Pour trancher, liquider ma contribution à l'esprit de ces jours, pour tenter de me réconcilier aussi avec eux, j'ai regroupé des statuettes pour faire de la place et sorti le petit peuple de ses boites, les Isoline Roumanille et la masse hétéroclite (avec des que j'aime bien et des horreurs auxquelles veux être fidèle). Les ai regardés, laissés là.
Et puis, pour traiter cette satanée tristesse, j'ai pris mon Montaigne, et, je ne m'en souvenais plus, mais elle est presque en tête.
« Je suis des plus exempts de cette passion, et ne l'ayme ni l'estyme; quoyque le monde ayt entreprins, comme à prix faict, de l'honorer de faveur particulière ils en habillent la sagesse, la vertu, la conscience sot et vilain ornement Les Italiens ont plus sortablement baptisé de son nom la malignité car c'est une qualité tousiours nuisible, tousiours folle et, comme tousiours couarde et basse, les Stofoens en défendent le sentiment à leur sage. »
… mais je n'en habille pas la sagesse, je sais que c'est sottise, complaisance, seulement elle est là, et si c'est dérisoire, le cher homme un peu plus loin :
« il se laissa emporter à ce dernier accident, et quittant sa résolution, s'abandonna au deuil et aux regrets, en manière qu'aucuns en prinrent argument qu'il n'avoit esté touché au vif que de cette dernière secousse mais a la vérité, ce feut que, estant d'ailleurs plein et complet de tristesse, la moindre surcharge, brisa les barrieres de la patience. »
… et voilà que me rencogne, en ce semblant de justification, brandissant de surcroit ma certitude lâchement revendiquée, en ce jour, de la faible qualité de ma volonté et de mon entendement.
Me sauve, en continuant :
« ...De vray, l'effort d'un desplaisir, pour estre extrême, doibt estoner toute l'âme et lui empescher la liberté de ses actions : comme il nous advient, à la chaulde alarme d'une bien mauvaise nouvelle, de nous sentir saisis, transis, et comme perclus de touts mouvements ; de façon que l'ame, se relaschant aprez aux larmes et aux plaintes, semble se despendre se desmesler, et se mettre plus au large et à son ayse. »
et, reprenant le sens des proportions, me souvenant de douleurs (et de la façon dont on se sauve en bougeant le moins possible, corps et esprit, et en s'attachant provisoirement, pour ne pas s'anéantir, et revenir, possiblement, en jonction avec le monde, à des détails stupides, avec une obstination butée) je ris de moi, et peu à peu émerge de ma stupidité.
Seulement, prudente, soit disant pour ne pas peser, ou afin d'être impunément pesante, me tiendrai en retrait.
Et pour l'instant ai débarrassé ma table et disposé mon petit monde en un ordre moins aléatoire qu'il le prétend.
10 commentaires:
Lire Montaigne me remémore une soirée de Juillet cet été dans une cour de couvent avec Philippe Avron...
Je ne me trompe pas ? la première photo présente tes créations en terre.

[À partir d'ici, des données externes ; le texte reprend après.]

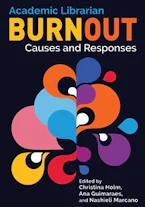 Cover of 'Academic Librarian Burnout' 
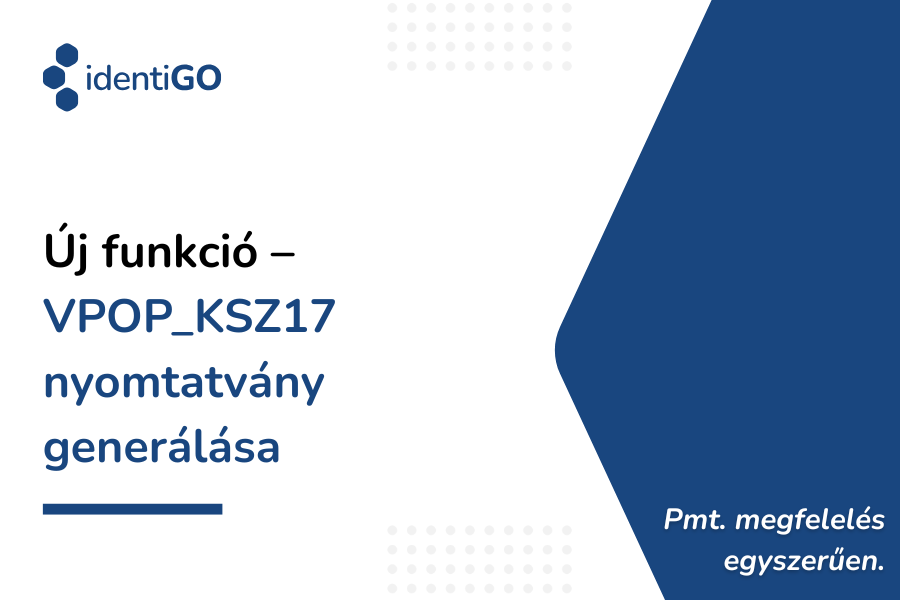 Új funkció - VPOP_KSZ17 nyomtatvány generálása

Je les aime ces personnages unis et si semblables dans leur quête ! Tu es douée de tes mains, elles chantent la vie !
Te voilà en bonne compagnie dans ton univers. Ils sont beaux ces santons colorés mais j'aime aussi beaucoup ceux de la première photo en N et B. (tes chefs d'oeuvre ?)
je suis du petit peuple aussi et t'envoie douceur
des santons et de Montaigne
tous les chemins mènent à Rome
Montaigne le premier en fît la démonstration
à tape cul, durement, avec ses calculs
Quelle santé ! Quels santons !
J'ayme pour un essai c'est réussi
Ces personnages sont si joyeux qu'ils nous font oublier les quelques rides qui s'installent sur nos joues d'avoir trop souri.
Celle d'en haut ne sont pas peintes... (comme Denis bien sûr).